Per questo grande evento di Qatar 2022, l’allenatore dell’Argentina Scaloni si affiderà ai seguenti uomini:

Portieri: Emiliano Martinez (Aston Villa), Armani (River Plate), Rulli (Villareal)

Difensori: Montiel (Siviglia), Molina (Atletico Madrid), Foyth (Villareal), Pezzella (Real Betis), Romero (Tottenham), Lisandro Martinez (Manchester United), Otamendi (Benfica), Acuña (Siviglia), Tagliafico (Lione)

Centrocampisti: Guido Rodriguez (Real Betis), Paredes (Juventus), De Paul (Atletico Madrid), Enzo Fernandez (Benfica), Palacios (Bayer Leverkusen), Alejandro Gomez (Siviglia), MacAllister (Brighton)

Attaccanti: Messi (Paris Saint-Germain), Dybala (Roma), Di Maria (Paris Saint-Germain), Angel Correa (Atletico Madrid), Lautaro Martinez (Inter), Julian Alvarez (Manchester City), Almada (Atlanta United FC)

Tra tutti questi fenomeni spunta il nome del giovanissimo Enzo Fernandez che si è conquistato la qualificazione per Qatar 2022 grazie alle sue fantastiche prestazioni con il Benfica, in campionato e in Champions League; e quello del 21enne Thiago Almada, convocato al posto di Joaquin Correa che si è dovuto fermare per un infortunio al ginocchio.
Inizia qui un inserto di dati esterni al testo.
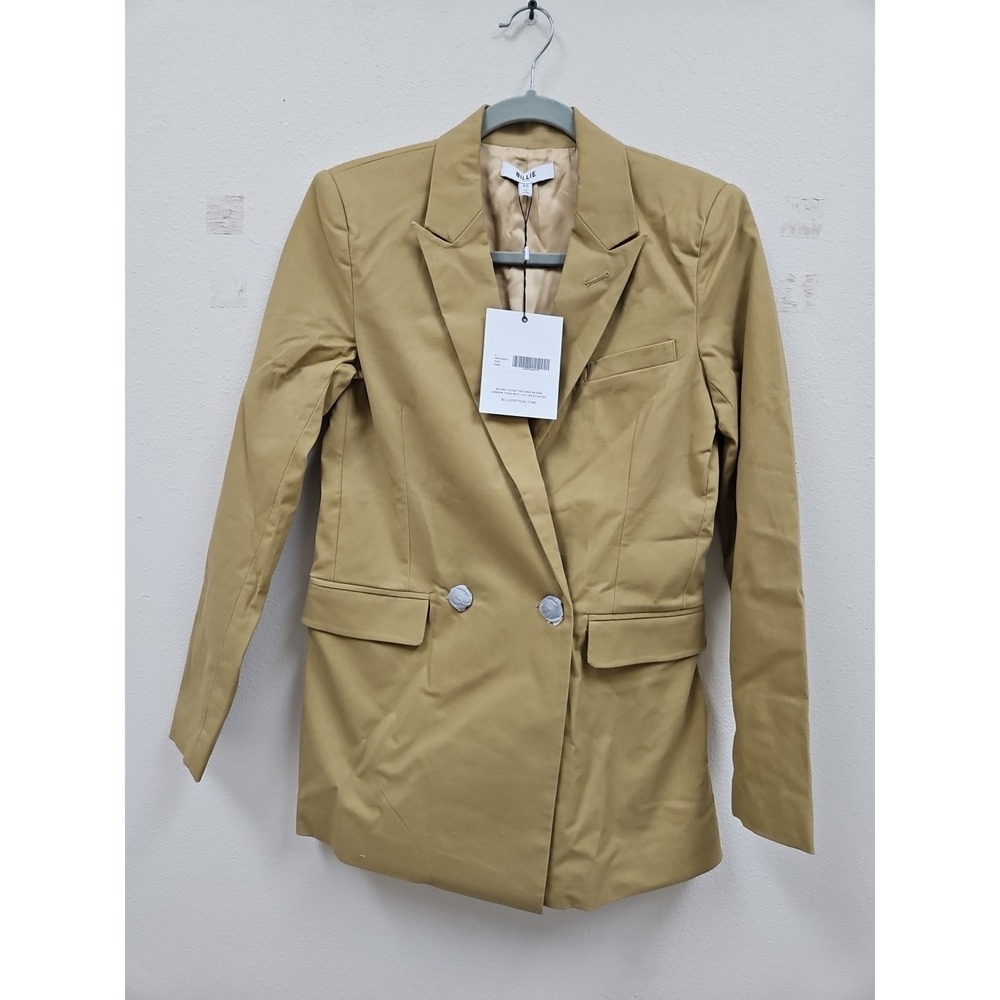 Billie The Label Women's Dianna Two Button Fitted Cotton Blazer in Khaki Size XS
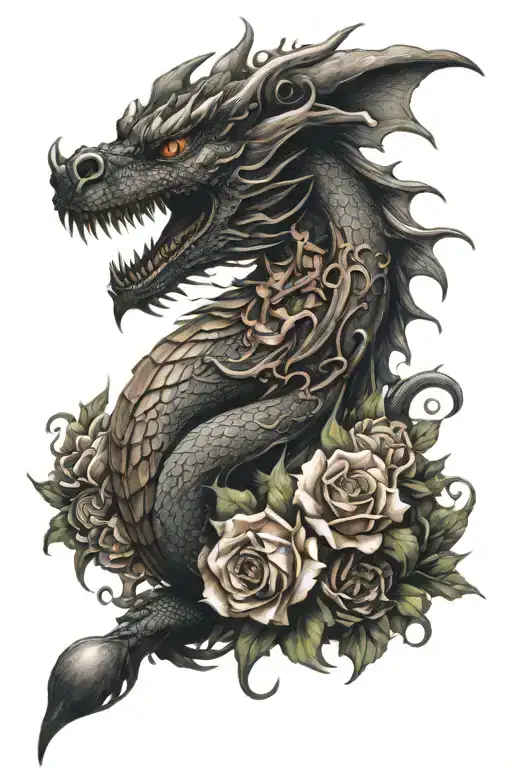 Dragon With Flowers And Flames
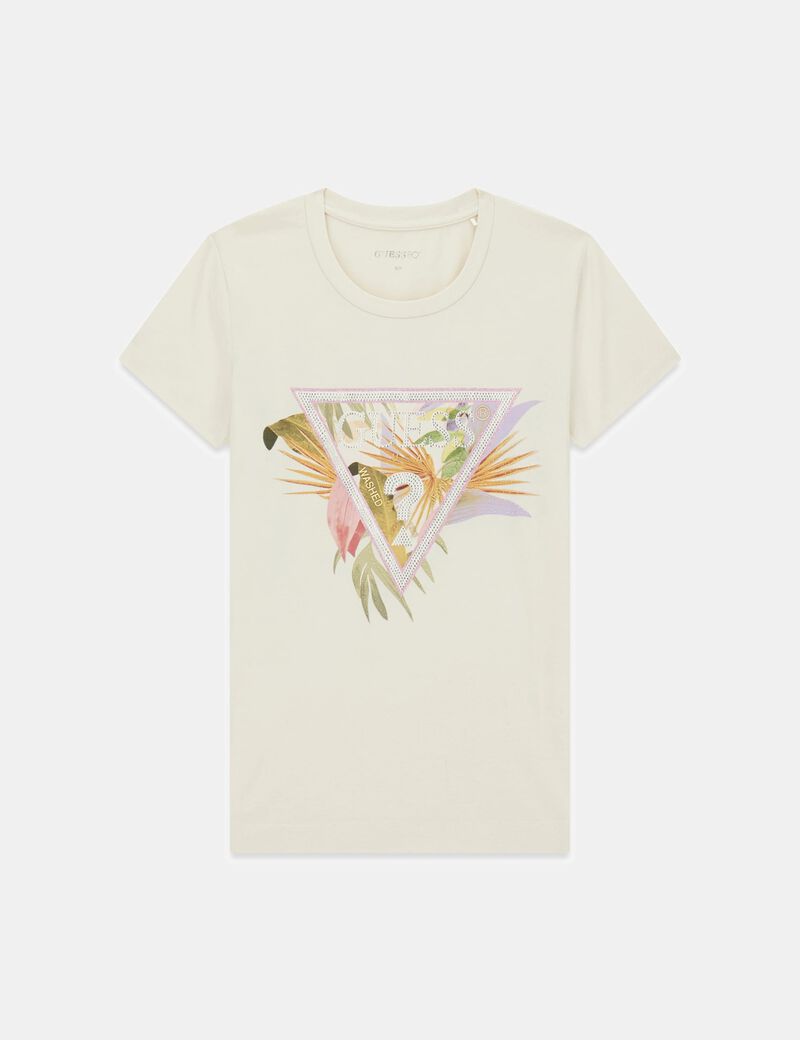 guess rhinestones logo t shirt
Almada gioca attualmente in MLS all’Atlanta United FC, e ha realizzato nella stagione che si è appena conclusa 6 gol e 7 assist in 29 partite.
L’Argentina potrà perciò contare su una rosa davvero stellare per il mondiale e ha perciò tutte le possibilità di arrivare fino in fondo in questa competizione, regalando al suo popolo e al suo re: Messi, una gioia che non sarebbe tangibile vista la grandezza.